Give again, word for word, the lines below that run from the line with "Disewakan Rumah Besar" through the line with "Roma, İtalya - 27". Drop the pictures.

(Short web captions)
========================================

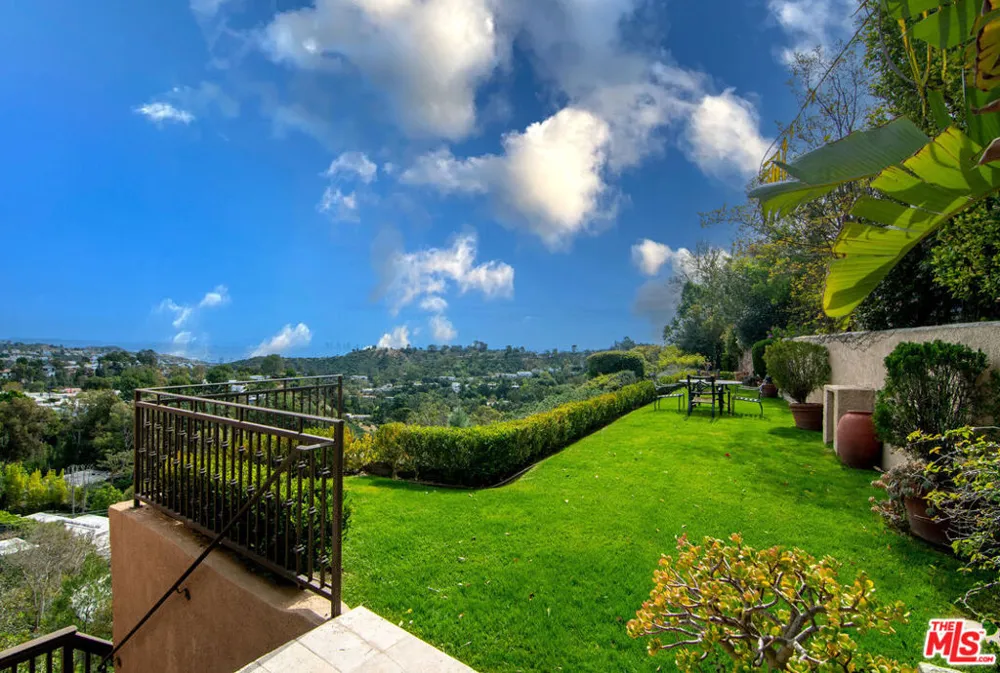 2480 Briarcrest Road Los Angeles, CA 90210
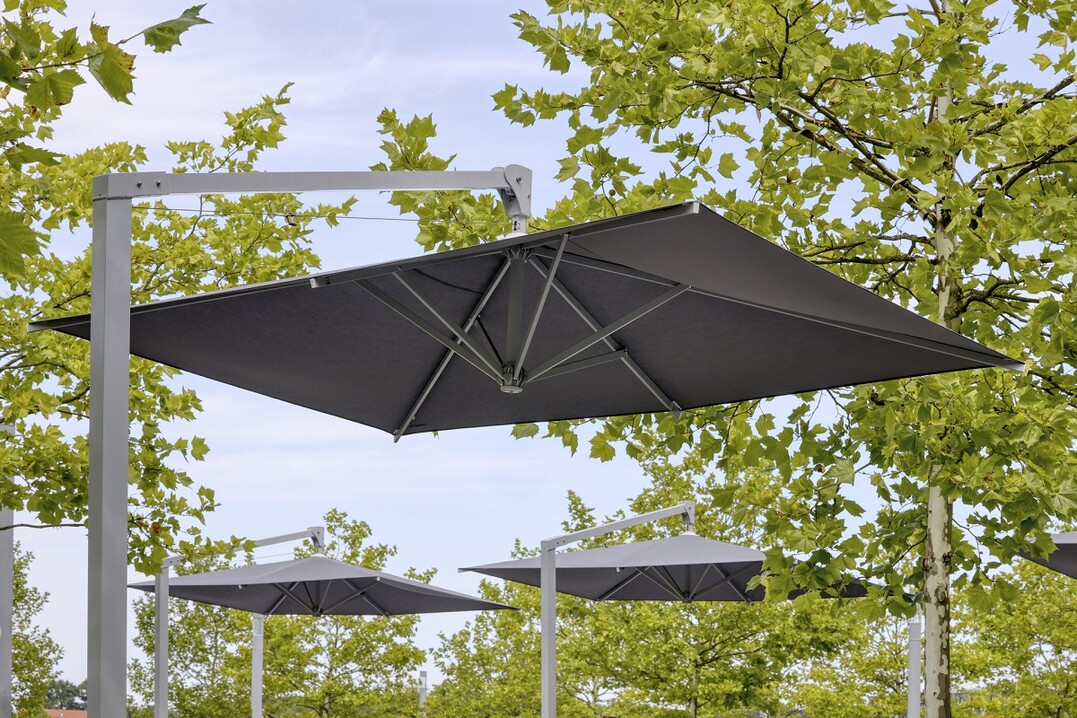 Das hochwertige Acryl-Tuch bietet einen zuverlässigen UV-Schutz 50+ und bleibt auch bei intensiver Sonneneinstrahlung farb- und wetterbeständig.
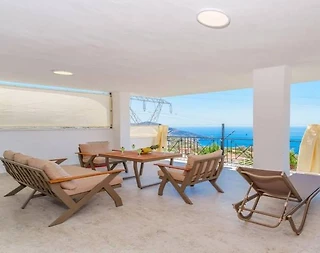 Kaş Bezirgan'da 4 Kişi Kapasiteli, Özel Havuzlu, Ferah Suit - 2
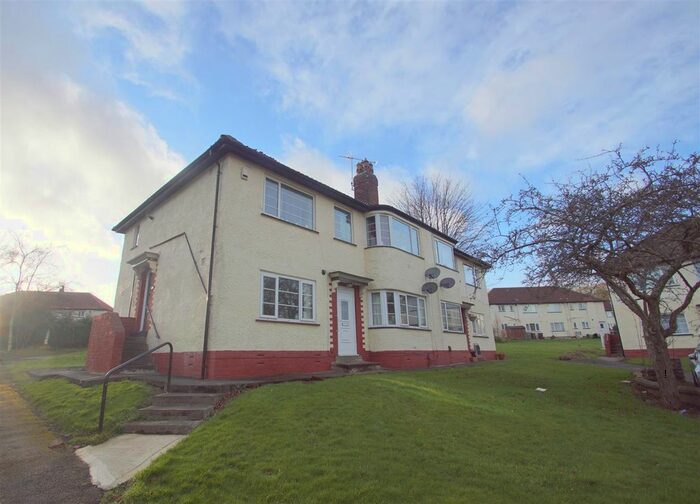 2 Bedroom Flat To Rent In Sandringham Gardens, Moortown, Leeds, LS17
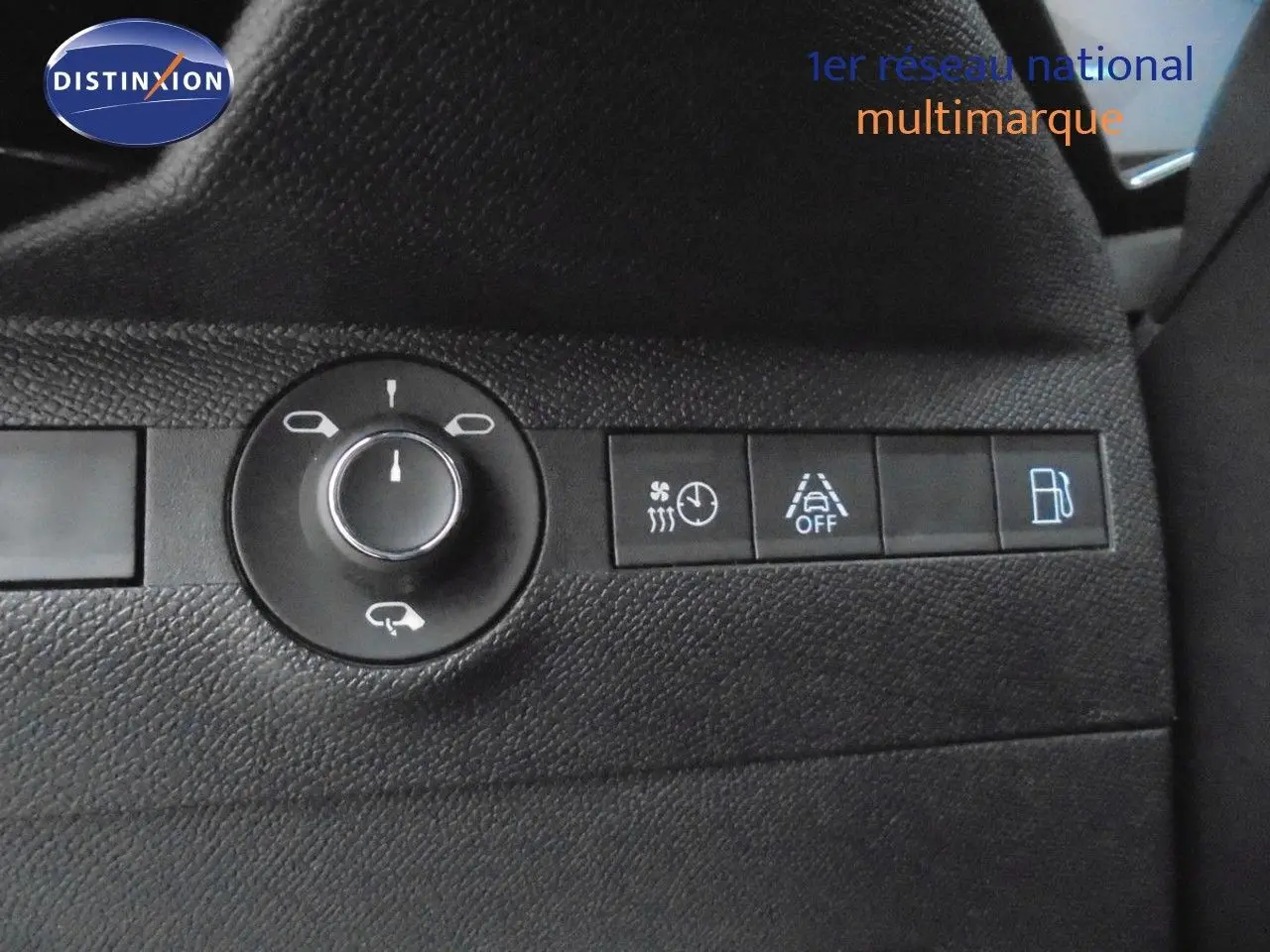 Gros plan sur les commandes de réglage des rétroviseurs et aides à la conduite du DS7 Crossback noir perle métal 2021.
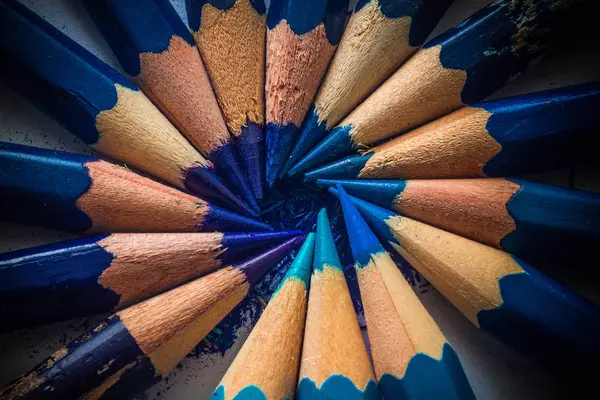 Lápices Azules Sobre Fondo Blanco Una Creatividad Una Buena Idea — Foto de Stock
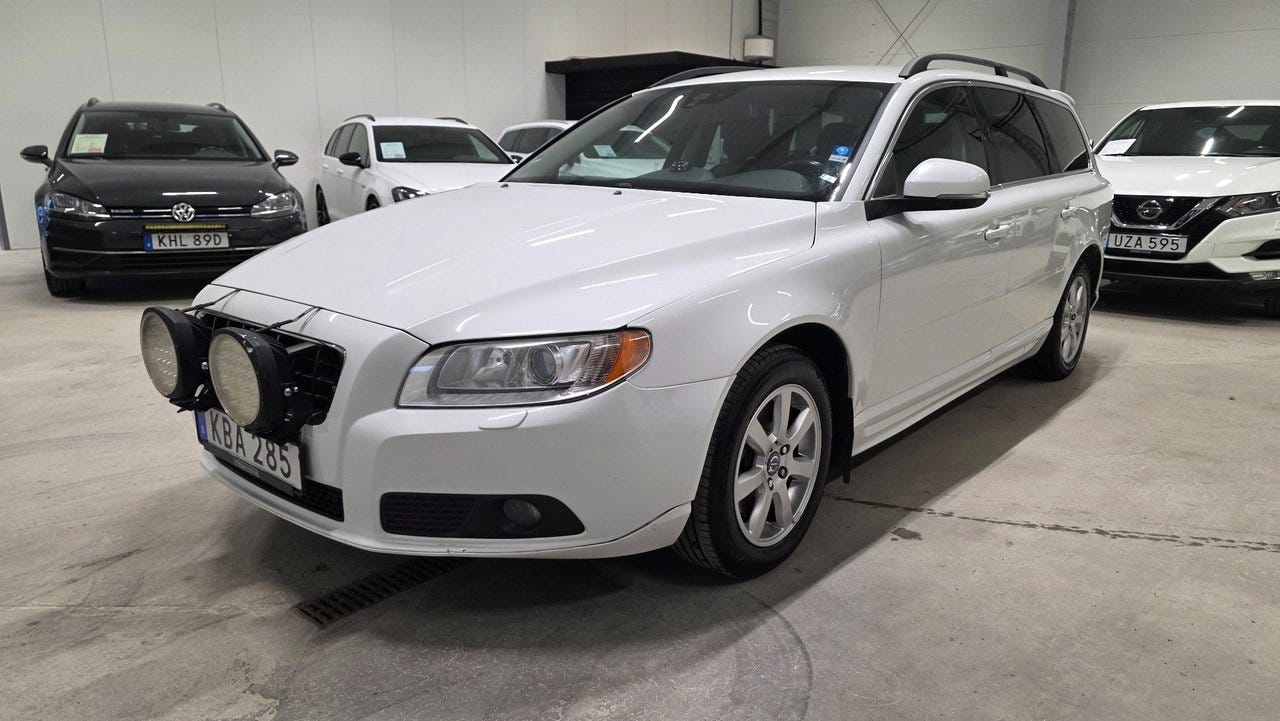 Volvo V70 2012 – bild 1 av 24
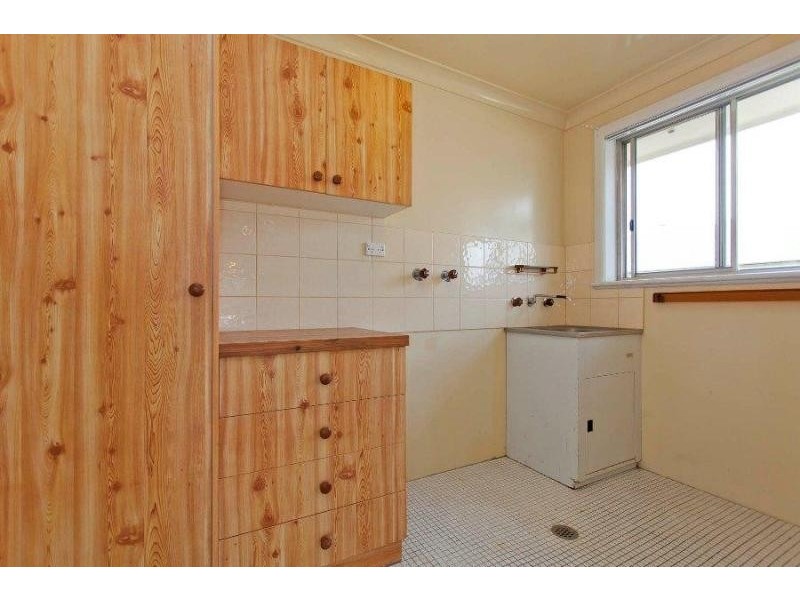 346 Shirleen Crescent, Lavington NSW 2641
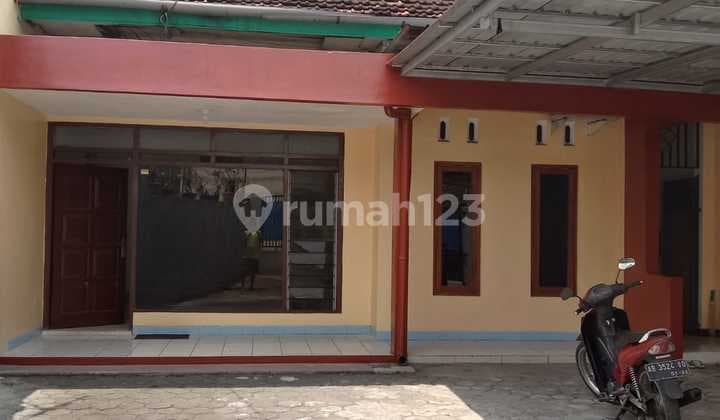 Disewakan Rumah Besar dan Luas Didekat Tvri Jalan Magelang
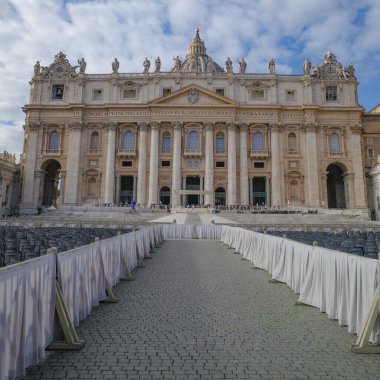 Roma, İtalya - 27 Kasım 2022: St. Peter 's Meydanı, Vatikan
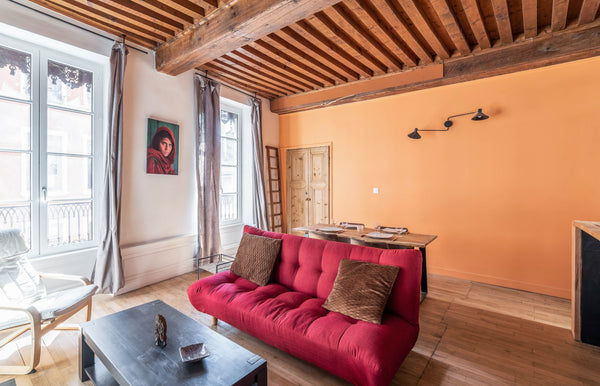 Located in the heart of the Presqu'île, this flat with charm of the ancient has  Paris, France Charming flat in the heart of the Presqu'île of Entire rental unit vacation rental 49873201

========================================

* [RESPONSE AREA]
 Disewakan Rumah Besar dan Luas Didekat Tvri Jalan Magelang
 Roma, İtalya - 27 Kasım 2022: St. Peter 's Meydanı, Vatikan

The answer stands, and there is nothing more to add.